Reactions: Like 1 | Winner 1


----------



## Stroodlepuff (17/3/14)

the only green juice I've ever had was radiator pluid and that stuff is NAAASTY! hehe 

Happy St Paddy's

Reactions: Funny 1


----------



## BhavZ (17/3/14)

Happy St.Paddy's day all..

Hmm.. Now I have a hankering for some green beer


----------



## johan (17/3/14)

BhavZ said:


> Happy St.Paddy's day all..
> 
> Hmm.. Now I have a hankering for some green beer



Just nick some green icing colouring from your wife's kitchen - a few drops colours your beer green and doesn't influence the taste at all.

Reactions: Like 1


----------



## BhavZ (17/3/14)

johanct said:


> Just nick some green icing colouring from your wife's kitchen - a few drops colours your beer green and doesn't influence the taste at all.

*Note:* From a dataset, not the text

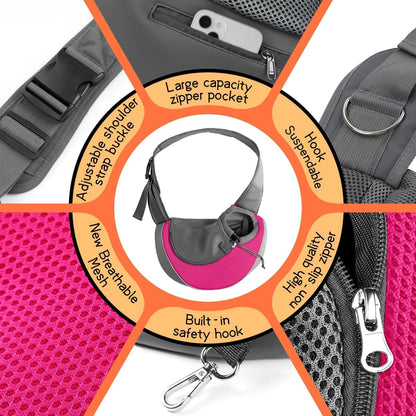 YUDODO Pet Sling Carrier for Small Dogs & Cats – Hands-Free Puppy Carrier with Safety Hook, Large Zipper Pocket, Soft Breathable Mesh, Adjustable Strap & Reflective Strip (Pink 1.0 M)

Thanks for the tip @johanct think I am gonna do just that..


----------



## johan (17/3/14)

@BhavZ while you about it, why not try a South African version of a Belfast car bomb: Fill a pint with the good o'l Guinness, fill a large shot glass with "Groen Mamba" and drop slowly into the pint - then gulp down the Guinness or your "bomb" will be all over the place.


----------



## BhavZ (17/3/14)

johanct said:


> @BhavZ while you about it, why not try a South African version of a Belfast car bomb: Fill a pint with the good o'l Guinness, fill a large shot glass with "Groen Mamba" and drop slowly into the pint - then gulp down the Guinness or your "bomb" will be all over the place.



Hmmm.. Sounds like a depth charge (black label and stroh rum) just more tasty

Reactions: Like 1


----------